A veces nuestro Salvador parece dormido, ausente, indiferente..., cuando sólo él puede salvarnos en medio de esa horrible tormenta. Jesús parecía dormir indiferente ante la angustia de los discípulos que esperaban lo peor: ser tragados por las olas. Y también el Padre parecía dormido ante los sufrimientos de su Hijo, cuando las fuerzas del mal se ensañaron contra él hasta asesinarlo. El mismo Jesús llegó a quejarse: “Dios mío, Dios mío, ¿por qué me has abandonado?”
Pero la victoria del mal fue, es y será sólo temporal y aparente: el Padre le respondió a Jesús dándole la razón al devolverle la vida mediante la resurrección, que es la victoria total sobre las fuerzas del mal y sobre la muerte. Victoria total de Jesús y sus seguidores, y de todos los que, aunque no lo conozcan, lo imitan pasando por la vida haciendo el bien.
Vivir en medio de este mar tempestuoso exige valentía, fe, amor, esperanza, y optimismo indomable. Exige confiar ciegamente en la palabra infalible de Jesús: “No teman; yo he vencido el mal”. “No teman: yo estoy con ustedes todos los días hasta el fin del mundo”. Sólo unidos a Cristo superamos las cobardías.
Es necesario el trato asiduo con Cristo resucitado presente, pues sólo él da sentido victorioso y pascual al sufrimiento, a las contradicciones y a la misma muerte. Sólo en la unión con él puede experimentarse su presencia amorosa y victoriosa, reconocer y apoyar su acción misteriosa como guía invencible de la Iglesia, de la humanidad y de la creación hacia su destino glorioso a través del calvario de las tormentas, con destino de resurrección y gloria eterna.
El naufragio total y definitivo sucedería si no vivimos la vida desde la fe en Jesús presente; si vamos tras otros salvadores en quienes ponemos más confianza que en él. “Quien se resiste a creer, ya se ha condenado a sí mismo”, nos advierte.
Es inútil, pues, perder el tiempo lamentado las crisis religiosas, las tragedias humanas, morales... Lo que procede es encender la luz de la fe, del amor y de las buenas obras frente a la oscuridad del mal, en lugar de quejarse.
No tenerlo en cuenta a Cristo, el único que puede salvarnos, o considerarlo responsable de la tormenta, sería una fatal necedad.
Job 38, 13-11.
El Señor habló a Job desde la tempestad, diciendo: “¿Quién encerró con dos puertas al mar, cuando él salía a borbotones del vientre materno, cuando le puse una nube por vestido y por pañales, densos nubarrones?
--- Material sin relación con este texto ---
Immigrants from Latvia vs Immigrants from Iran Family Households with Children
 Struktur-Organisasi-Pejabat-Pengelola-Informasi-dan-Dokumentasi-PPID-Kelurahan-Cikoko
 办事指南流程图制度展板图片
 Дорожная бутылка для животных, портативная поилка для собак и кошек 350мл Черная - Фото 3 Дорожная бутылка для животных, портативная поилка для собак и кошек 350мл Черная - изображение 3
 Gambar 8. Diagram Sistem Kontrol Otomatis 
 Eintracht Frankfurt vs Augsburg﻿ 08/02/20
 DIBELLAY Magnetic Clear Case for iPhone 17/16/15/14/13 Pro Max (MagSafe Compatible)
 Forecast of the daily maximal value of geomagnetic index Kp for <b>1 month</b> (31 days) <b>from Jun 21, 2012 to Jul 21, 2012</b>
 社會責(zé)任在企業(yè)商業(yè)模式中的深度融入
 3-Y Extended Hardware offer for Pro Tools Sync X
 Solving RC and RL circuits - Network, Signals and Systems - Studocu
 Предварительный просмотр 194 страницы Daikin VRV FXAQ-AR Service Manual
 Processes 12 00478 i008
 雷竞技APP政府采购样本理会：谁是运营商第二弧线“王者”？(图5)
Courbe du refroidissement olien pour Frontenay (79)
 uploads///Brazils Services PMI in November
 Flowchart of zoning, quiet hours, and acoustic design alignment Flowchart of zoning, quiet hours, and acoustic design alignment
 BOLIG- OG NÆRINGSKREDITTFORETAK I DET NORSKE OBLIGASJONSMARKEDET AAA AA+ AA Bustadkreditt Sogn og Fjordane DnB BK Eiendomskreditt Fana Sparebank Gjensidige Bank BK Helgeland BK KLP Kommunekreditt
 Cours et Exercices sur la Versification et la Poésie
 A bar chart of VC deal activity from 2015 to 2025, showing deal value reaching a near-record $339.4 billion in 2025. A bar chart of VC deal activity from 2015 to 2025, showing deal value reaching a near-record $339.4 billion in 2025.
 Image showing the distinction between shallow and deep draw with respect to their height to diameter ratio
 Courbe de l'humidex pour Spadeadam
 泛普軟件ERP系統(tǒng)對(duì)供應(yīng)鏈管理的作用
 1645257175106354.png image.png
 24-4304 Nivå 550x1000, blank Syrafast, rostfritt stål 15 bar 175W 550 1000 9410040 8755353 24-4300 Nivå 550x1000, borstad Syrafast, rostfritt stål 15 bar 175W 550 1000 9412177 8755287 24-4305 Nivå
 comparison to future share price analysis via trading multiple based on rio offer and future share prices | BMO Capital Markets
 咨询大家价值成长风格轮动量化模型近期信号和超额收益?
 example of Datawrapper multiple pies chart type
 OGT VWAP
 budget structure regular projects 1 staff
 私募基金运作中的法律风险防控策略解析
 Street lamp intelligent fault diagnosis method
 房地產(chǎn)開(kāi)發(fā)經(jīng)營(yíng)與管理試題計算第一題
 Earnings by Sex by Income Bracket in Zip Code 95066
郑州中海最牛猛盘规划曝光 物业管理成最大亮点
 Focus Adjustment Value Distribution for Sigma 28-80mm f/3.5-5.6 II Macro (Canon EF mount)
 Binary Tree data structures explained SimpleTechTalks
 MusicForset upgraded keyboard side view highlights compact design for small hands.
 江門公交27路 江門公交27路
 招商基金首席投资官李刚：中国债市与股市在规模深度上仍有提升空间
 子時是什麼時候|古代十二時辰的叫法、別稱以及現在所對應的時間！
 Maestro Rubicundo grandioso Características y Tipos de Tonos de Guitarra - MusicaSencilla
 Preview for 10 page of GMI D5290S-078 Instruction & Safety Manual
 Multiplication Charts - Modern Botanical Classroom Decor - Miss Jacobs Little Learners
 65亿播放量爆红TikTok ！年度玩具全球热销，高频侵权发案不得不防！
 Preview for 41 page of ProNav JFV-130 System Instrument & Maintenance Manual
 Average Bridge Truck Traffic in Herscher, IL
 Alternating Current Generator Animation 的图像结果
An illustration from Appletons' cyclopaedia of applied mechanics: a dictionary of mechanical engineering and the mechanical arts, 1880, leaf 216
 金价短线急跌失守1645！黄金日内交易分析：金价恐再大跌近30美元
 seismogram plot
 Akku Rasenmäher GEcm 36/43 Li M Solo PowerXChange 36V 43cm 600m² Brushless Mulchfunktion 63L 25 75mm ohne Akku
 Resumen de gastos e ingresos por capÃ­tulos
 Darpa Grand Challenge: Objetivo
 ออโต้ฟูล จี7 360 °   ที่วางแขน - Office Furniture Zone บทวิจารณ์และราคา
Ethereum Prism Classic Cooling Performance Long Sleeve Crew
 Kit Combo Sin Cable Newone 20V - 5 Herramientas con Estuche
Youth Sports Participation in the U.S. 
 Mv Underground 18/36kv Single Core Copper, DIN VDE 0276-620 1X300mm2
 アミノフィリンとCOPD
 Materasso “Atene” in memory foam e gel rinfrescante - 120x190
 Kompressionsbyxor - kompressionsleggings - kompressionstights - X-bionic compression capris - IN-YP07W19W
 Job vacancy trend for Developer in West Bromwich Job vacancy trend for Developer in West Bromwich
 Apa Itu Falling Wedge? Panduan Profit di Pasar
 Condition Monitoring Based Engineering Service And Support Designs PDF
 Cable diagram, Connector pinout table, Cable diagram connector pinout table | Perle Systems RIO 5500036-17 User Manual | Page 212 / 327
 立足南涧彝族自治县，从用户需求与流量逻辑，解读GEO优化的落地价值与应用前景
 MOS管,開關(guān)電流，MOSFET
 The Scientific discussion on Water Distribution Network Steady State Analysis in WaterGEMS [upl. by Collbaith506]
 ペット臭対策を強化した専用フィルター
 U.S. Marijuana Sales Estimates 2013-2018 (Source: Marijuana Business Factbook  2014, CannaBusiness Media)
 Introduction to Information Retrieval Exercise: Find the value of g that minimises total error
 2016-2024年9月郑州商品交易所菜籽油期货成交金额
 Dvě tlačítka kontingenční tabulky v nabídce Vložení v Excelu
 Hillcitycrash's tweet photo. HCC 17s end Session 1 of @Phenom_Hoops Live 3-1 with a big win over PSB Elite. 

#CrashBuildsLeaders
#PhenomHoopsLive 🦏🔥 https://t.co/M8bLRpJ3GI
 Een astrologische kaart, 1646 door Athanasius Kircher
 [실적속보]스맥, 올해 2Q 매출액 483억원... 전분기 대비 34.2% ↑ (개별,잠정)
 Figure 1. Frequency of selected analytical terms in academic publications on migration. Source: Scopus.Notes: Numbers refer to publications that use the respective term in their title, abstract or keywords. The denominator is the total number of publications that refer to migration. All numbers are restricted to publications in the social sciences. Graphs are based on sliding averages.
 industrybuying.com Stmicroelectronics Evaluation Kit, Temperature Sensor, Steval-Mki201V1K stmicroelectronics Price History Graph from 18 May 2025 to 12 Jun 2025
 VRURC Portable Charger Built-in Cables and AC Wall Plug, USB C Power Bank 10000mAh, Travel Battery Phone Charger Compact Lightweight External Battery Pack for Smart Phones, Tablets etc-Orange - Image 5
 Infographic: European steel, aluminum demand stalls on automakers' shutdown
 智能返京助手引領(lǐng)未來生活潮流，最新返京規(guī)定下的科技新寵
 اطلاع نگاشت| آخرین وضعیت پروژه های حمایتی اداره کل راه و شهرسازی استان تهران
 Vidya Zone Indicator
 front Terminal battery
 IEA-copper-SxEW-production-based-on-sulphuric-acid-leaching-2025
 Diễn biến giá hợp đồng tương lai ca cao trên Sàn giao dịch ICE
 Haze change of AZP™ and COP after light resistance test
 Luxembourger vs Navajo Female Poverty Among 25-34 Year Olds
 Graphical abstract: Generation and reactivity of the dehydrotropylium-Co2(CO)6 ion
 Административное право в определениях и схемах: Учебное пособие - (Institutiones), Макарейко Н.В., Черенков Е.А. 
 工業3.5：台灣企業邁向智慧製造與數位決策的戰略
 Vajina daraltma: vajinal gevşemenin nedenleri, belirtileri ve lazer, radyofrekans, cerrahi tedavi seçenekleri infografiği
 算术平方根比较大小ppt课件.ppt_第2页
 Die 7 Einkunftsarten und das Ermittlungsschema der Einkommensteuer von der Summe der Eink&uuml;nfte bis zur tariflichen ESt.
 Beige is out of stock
Yo tracé un límite alrededor de él, le puse cerrojos y puertas, y le dije: Llegarás hasta aquí y no pasarás; aquí se quebrará la soberbia de tus olas».
Job, a sentirse atenazado por una desgracia tan injusta e irremediable, llama a juicio al mismo Dios para demostrarle su inocencia y declarar al Señor responsable de tan indecible sufrimiento. Sus amigos esperan que Dios castigue a Job por tal atrevimiento frente al Omnipotente.
Pero Dios acepta compasivo el desafío de Job y le habla en directo desde la tormenta, y no para darle una lección teórica sobre el sufrimiento, ni para añadir un castigo a su dolor, sino para que asuma la limitación humana condicionada por el misterio del sufrimiento; misterio inalcanzable para el entendimiento humano, pero que Dios aprovecha en su plan amoroso para bien y salvación del hombre.
Como son inabarcables para nuestra inteligencia las fuerzas, los misterios y maravillas de la creación, obra de la sabiduría y poder infinito del Creador, y que están bajo su total control, así es el misterio del sufrimiento, que en los planes de Dios tiene como destino la felicidad y la gloria eternas. Además de servir a la purificación y perfeccionamiento de la imagen de Dios en el hombre, a semejanza de su Hijo, el cual, “por el sufrimiento aprendió lo que significa obedecer” al Padre, quien, en premio del sufrimiento, lo llevó a la resurrección y la gloria.
Así alcanza su misterioso destino el sufrimiento más injusto, pero del cual no es justo culpar a Dios, pues él no es el autor del sufrimiento ni de la muerte, sino el “transformador” del sufrimiento y de la muerte en felicidad y gloria eterna.
Corintios 5, 14- 17.
Hermanos: El amor de Cristo nos apremia, al considerar que si uno solo murió por todos, entonces todos han muerto. Y Él murió por todos, a fin de que los que viven no vivan más para sí mismos, sino para Aquél que murió y resucitó por ellos. Por eso nosotros, de ahora en adelante, ya no conocemos a nadie con criterios puramente humanos; y si conocimos a Cristo de esa manera, ya no lo conocemos más así. El que vive en Cristo es una nueva criatura: lo antiguo ha desaparecido, un ser nuevo se ha hecho presente.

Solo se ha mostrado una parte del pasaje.